There are some strengths and limitations to this study. The main limitation is that the study is cross-sectional and that only AS patients with active disease were included. Further studies with longer follow-up are needed to confirm the usefulness of sCTX and OC Z-scores in monitoring bone loss in AS patients, as well as the importance of increased bone turnover, inflammation, and low vitamin D levels in the development of AS-related osteoporosis. Another limitation is that body mass index (BMI) was not assessed in this study. Therefore, it was not possible to correct for low BMI in multivariate analysis. Finally, it was not clear if the vertebral fractures occurred recently or if they were already present for many years. Therefore, analyses investigating the relation between BTM and vertebral fractures were difficult. The main strength is that Z-scores of BTM were calculated to correct for the influence that age and gender have on bone turnover in healthy persons. In this way, male and female patients of different age groups could be analyzed together.
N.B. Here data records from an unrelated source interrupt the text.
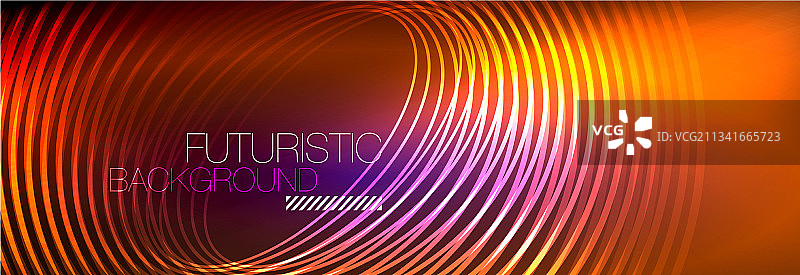 暗抽象背景与发光的霓虹灯圈图片素材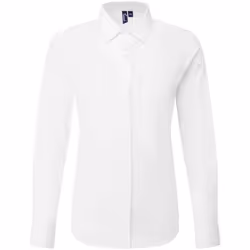 Premier Womens/Ladies Recyclight Poplin Long-Sleeved Shirt - M, White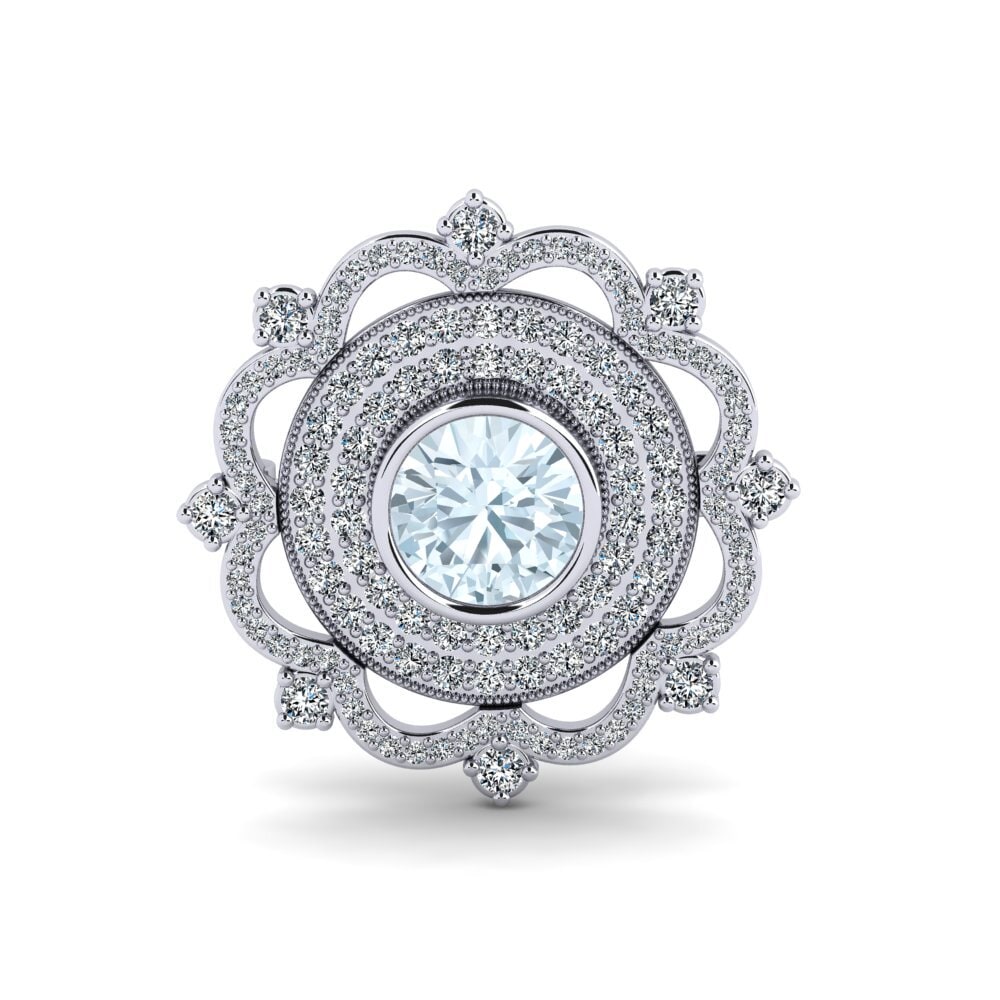 14ct White Gold Aquamarine Brooch Upsurge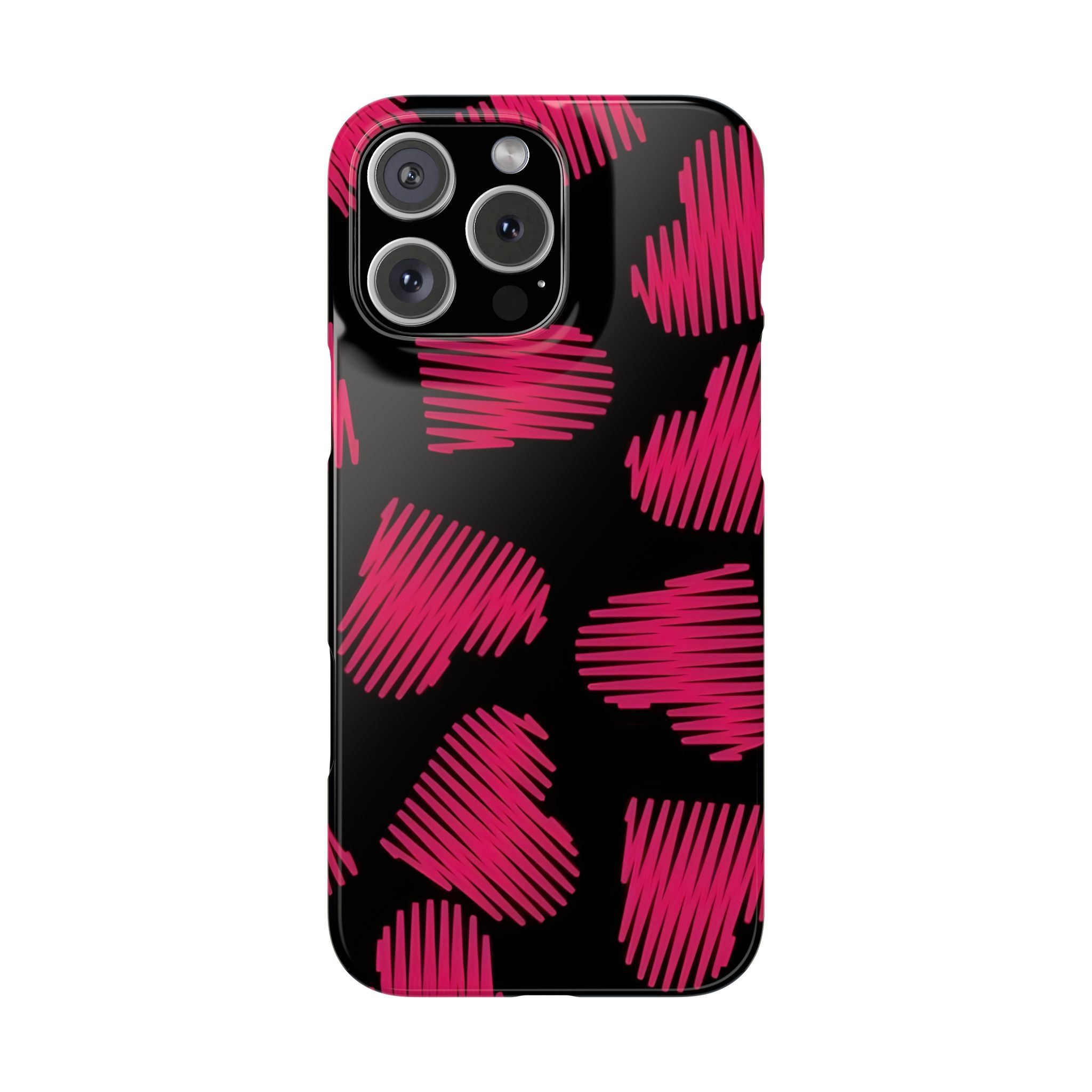 Red Black Heart Phone Case for iPhone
In conclusion, this cross-sectional study in AS patients with active disease indicates that increased bone turnover, inflammation, and low vitamin D levels are important in the pathophysiology of AS-related osteoporosis. Furthermore, sCTX and OC Z-scores seem to be valuable markers to detect bone loss in AS. Combining biochemical BTM and BMD measurements may be useful to identify AS patients with osteoporosis in daily clinical practice where lumbar spine BMD, measured by DXA, may be overestimated due to osteoproliferation in patients with advanced AS.